■ **EXERCISE DETAILS**: The answer must reproduce all of the data below exactly and contain no images.

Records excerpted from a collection
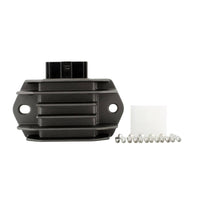 New RMSTATOR Voltage Regulator Rectifier For Honda CB #RMS020107243 | Australian Moto Spares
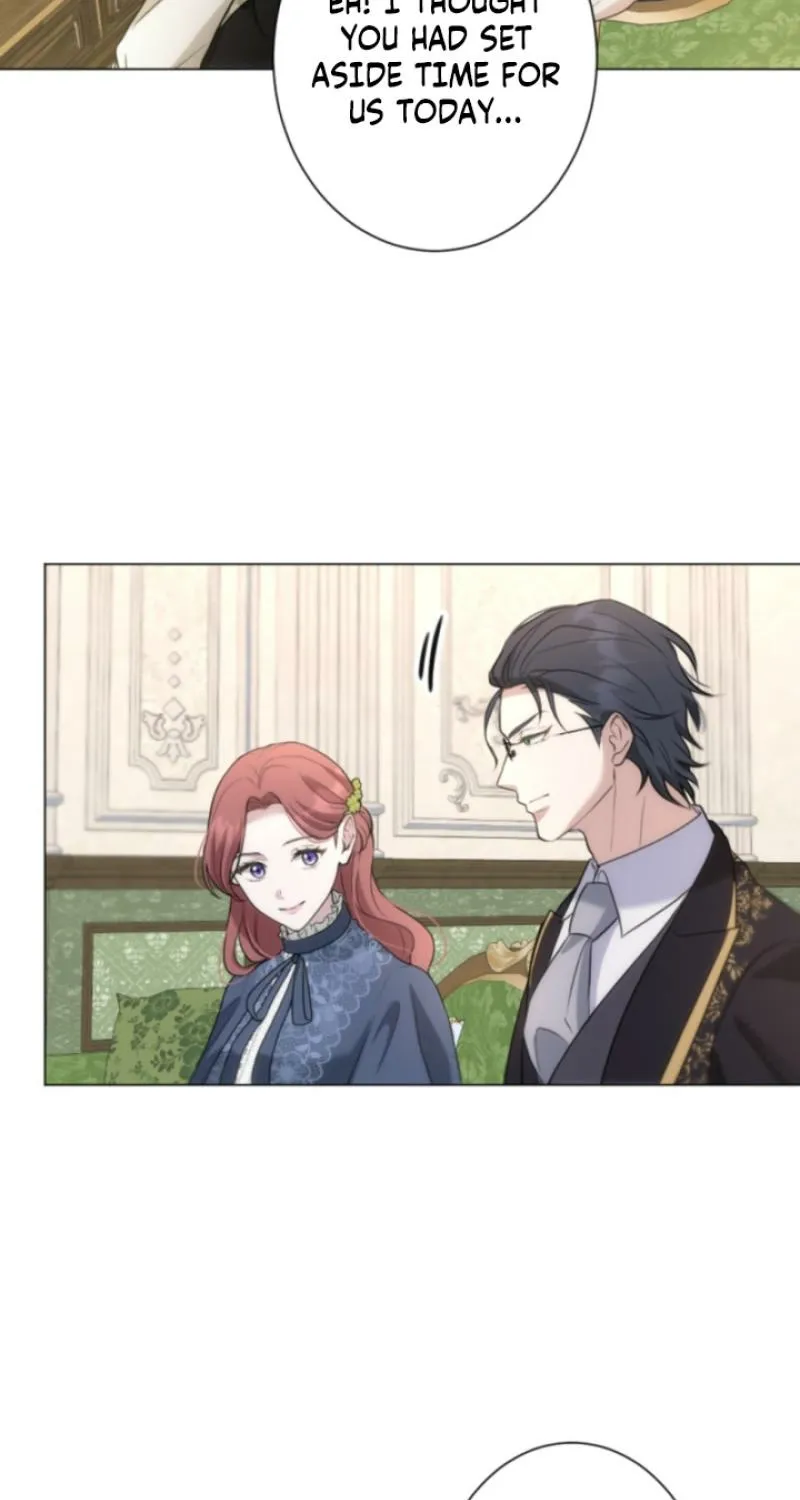 The Framed Villainess Can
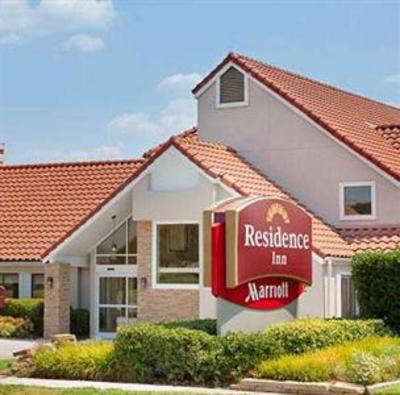 фото отеля Residence Inn Dallas Las Colinas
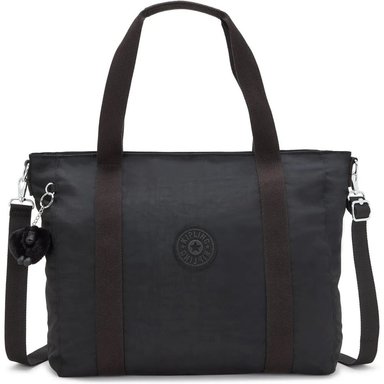 KIPLING | BOLSO TOTE ASSENI LIVIANO PARA USO DIARIO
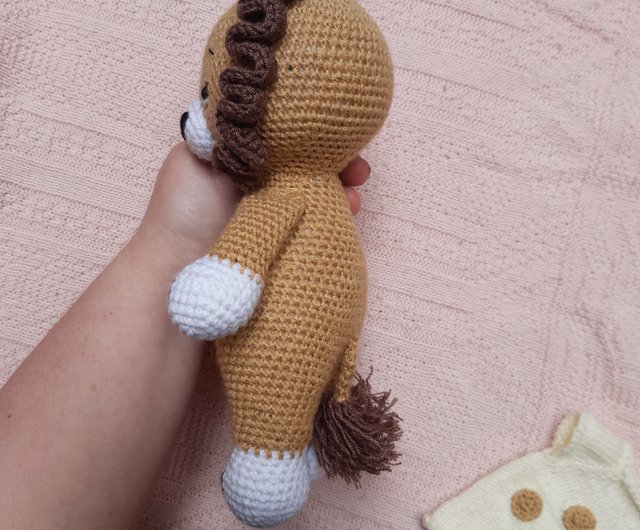 お祈りライオン　ぬいぐるみ お祈りライオン ぬいぐるみ Amazon.co.jp: 【のびアニマル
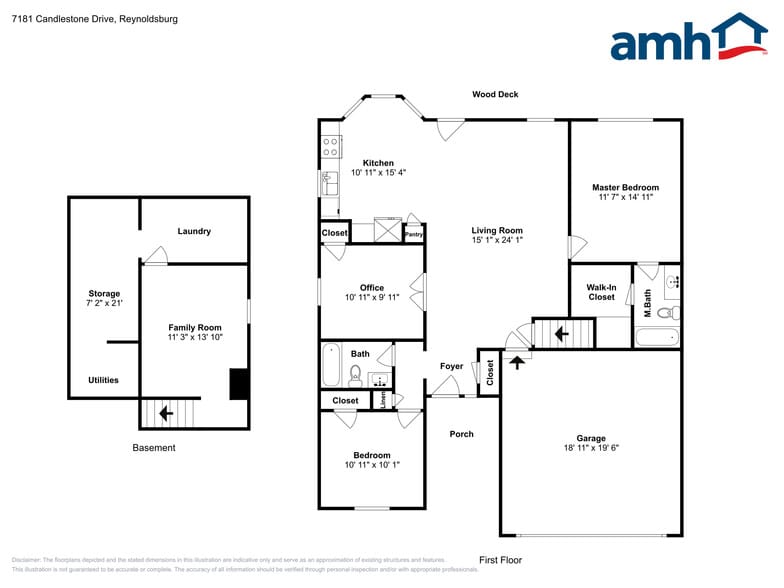 Building Photo - 7181 Candlestone Dr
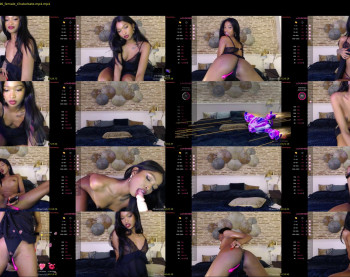 cherrrish_ — 59 minute Chaturbate female cam show recording, 720p, Feb 1, 2024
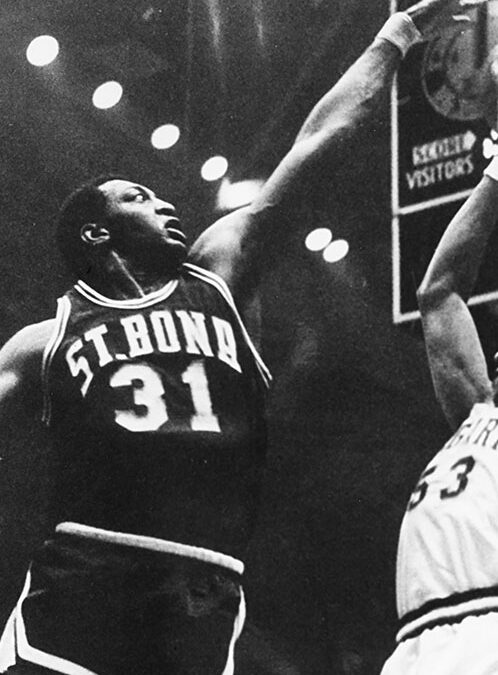 Bob Lanier
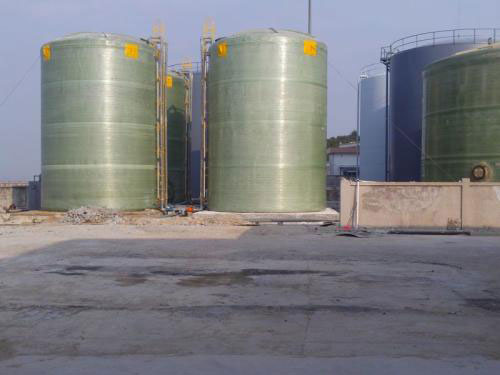 玻璃鋼儲(chǔ)罐廠家報(bào)價(jià)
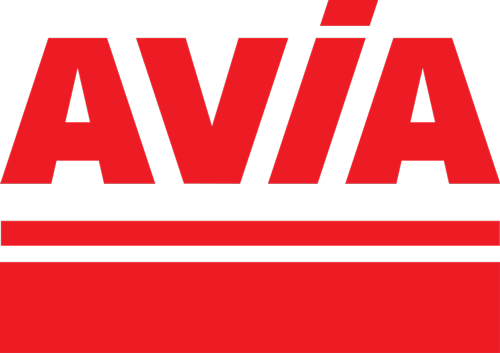 AVIA Logo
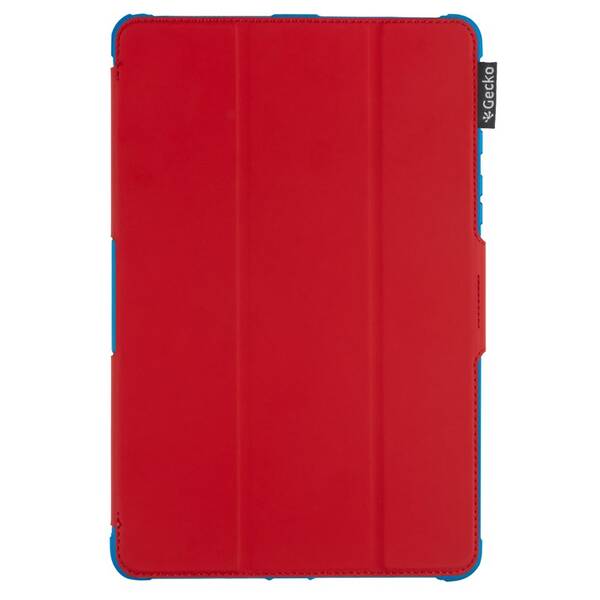 Pouzdro na tablet Gecko Covers Super Hero na Samsung Galaxy Tab A7 10.4" (2020) červené/modré

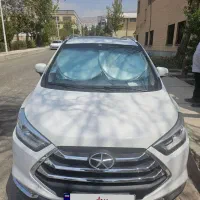 جک S3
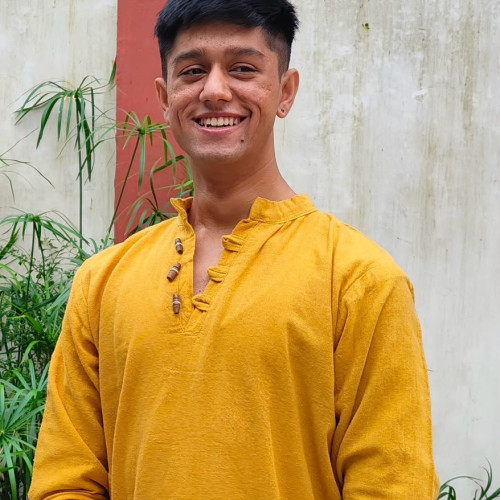 Ansh G. profile photo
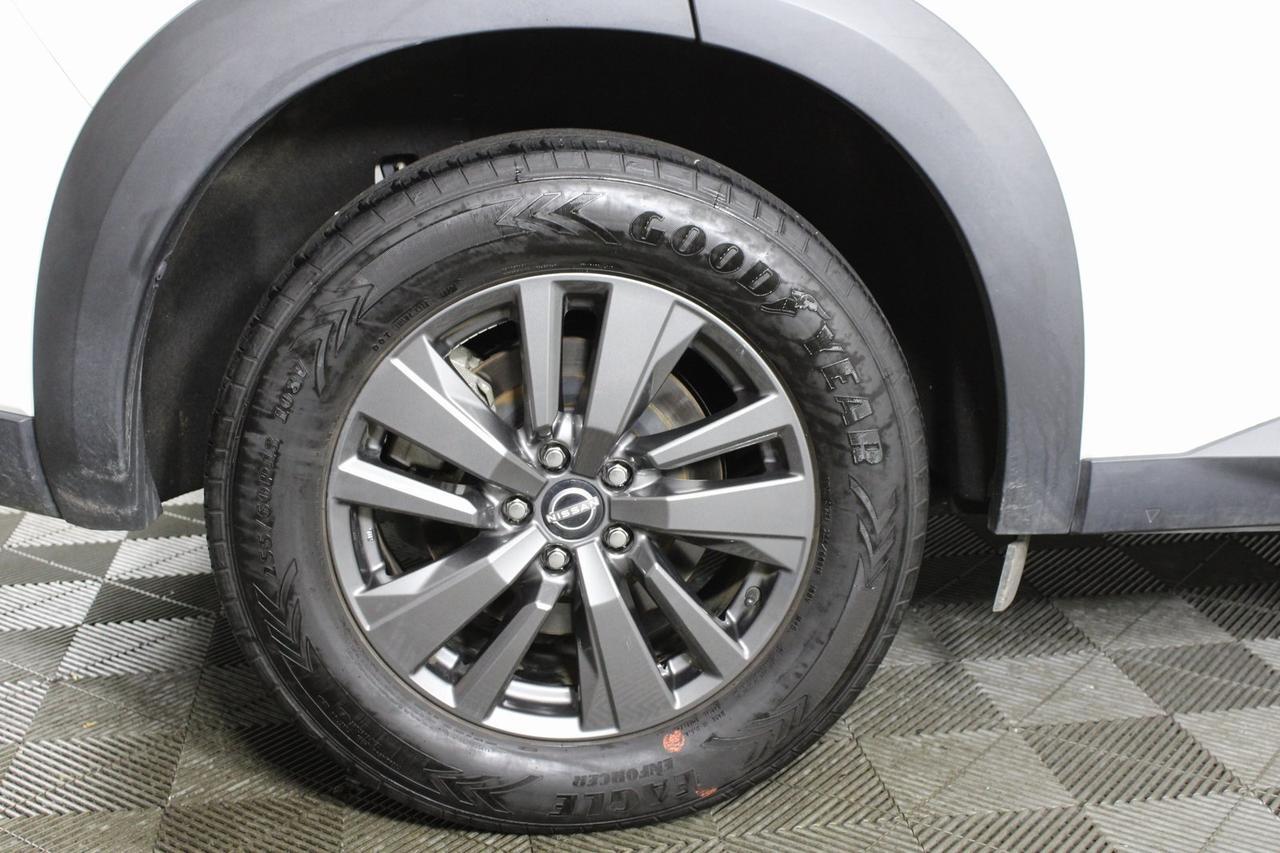 2022 Nissan Pathfinder SV Manassas VA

■ **OUTPUT FOR THIS EXERCISE**:
 New RMSTATOR Voltage Regulator Rectifier For Honda CB #RMS020107243 | Australian Moto Spares
 The Framed Villainess Can
 фото отеля Residence Inn Dallas Las Colinas
 KIPLING | BOLSO TOTE ASSENI LIVIANO PARA USO DIARIO
 お祈りライオン　ぬいぐるみ お祈りライオン ぬいぐるみ Amazon.co.jp: 【のびアニマル
 Building Photo - 7181 Candlestone Dr
 cherrrish_ — 59 minute Chaturbate female cam show recording, 720p, Feb 1, 2024
 Bob Lanier
 玻璃鋼儲(chǔ)罐廠家報(bào)價(jià)
 AVIA Logo
 Pouzdro na tablet Gecko Covers Super Hero na Samsung Galaxy Tab A7 10.4" (2020) červené/modré

 جک S3
 Ansh G. profile photo
 2022 Nissan Pathfinder SV Manassas VA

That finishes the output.